Well, I can say that the investments we made at Bain Capital did not all succeed. There were occasions when after long study and analysis, we concluded that the idea was good, that the management team was the right team. We invested in the business with hopes that it would grow and be successful, and despite our best preparation, we were disappointed with the result. And those results being typically: You lose your money and people can lose jobs. That’s always devastating. And I learned that not every business will be successful, even those that have been carefully selected and thoroughly evaluated.
But that's the thing about Bain's leveraged buyout (private equity) business: the acquirer can arrange to make money even when the acquired business goes under.
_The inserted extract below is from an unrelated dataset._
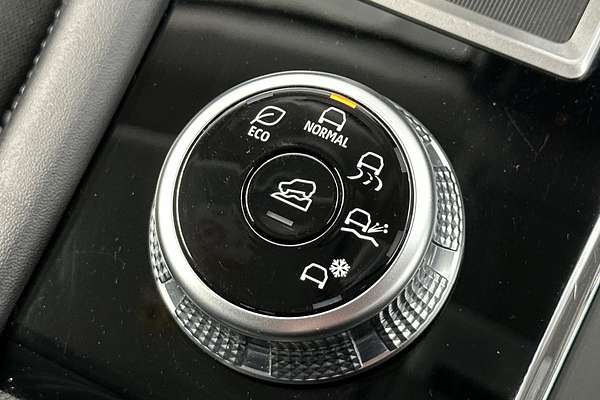 2024 Mitsubishi Outlander Black Edition ZM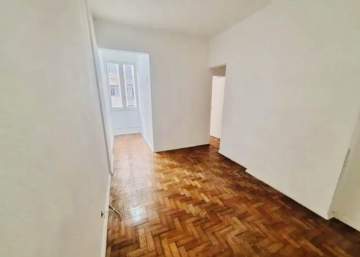 Ótima localização - Excelente apartamento quarto e sala com dependência no Leme - Rua Roberto Dias Lopes - GAAP10561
Which is why LBO deals are often more financial shenanigans than constructive investment.

Cenk Uygur explains how this works and how the tax system is rigged to encourage it in How you can stop paying so much in taxes -- just like Mitt Romney 08/10/12. The segment begins with a fraudulent tax-avoidance scheme that an Obama commercial had accurately connected Romney with:

Here's another segment from The Young Turks online show that also deals with the tax-avoidance scheme raised by the Obama ad, Mitt Romney 'Son Of Boss' Ad 08/10/2012:

Tyrangiel says in one question, "you’ve promised not to cut defense or Social Security." Is Romney really committed to opposing cuts in Social Security benefits? That would have been a question worth pursuing. Romney doesn't mention Social Security in the interview.

The last segment of interview is intriguing. It sounds to me like the magazine wanted to communicate that Romney was being an arrogant twit by not wanting to even stay for the full interview time to which he had agreed. And Tyrangiel does ask him about those annoying tax returns, letting Romney once again make clear that the mob doesn't need to know about them:

Speaking of small business ...

I’ve got to leave and go to work here ...

[Romney adviser informs the governor that the campaign had agreed to a longer interview.]

Ask one question. But I’m holding up traffic in Chicago trying to—I’ve got the Secret Service and all the press and we’re stopped in front of a place of business. So shoot.

Let’s frame the issue around your tax returns in a slightly different way. If you’re an investor and you’re looking at a company, and that company says that its great strength is wise management and fiscal know-how, wouldn’t you want to see the previous, say, five years’ worth of its financials?

I'm not a business. We have a process in this country, which was established by law, which provides for the transparency which candidates are required to meet. I have met with that requirement with full financial disclosure of all my investments, but in addition have provided and will provide a full two years of tax returns. This happens to be exactly the same as with John McCain when he ran for office four years ago. And the Obama team had no difficulty with that circumstance. The difference between then and now is that President Obama has a failed economic record and is trying to find any issue he can to deflect from the failure of his record. Thanks, guys. Goodbye.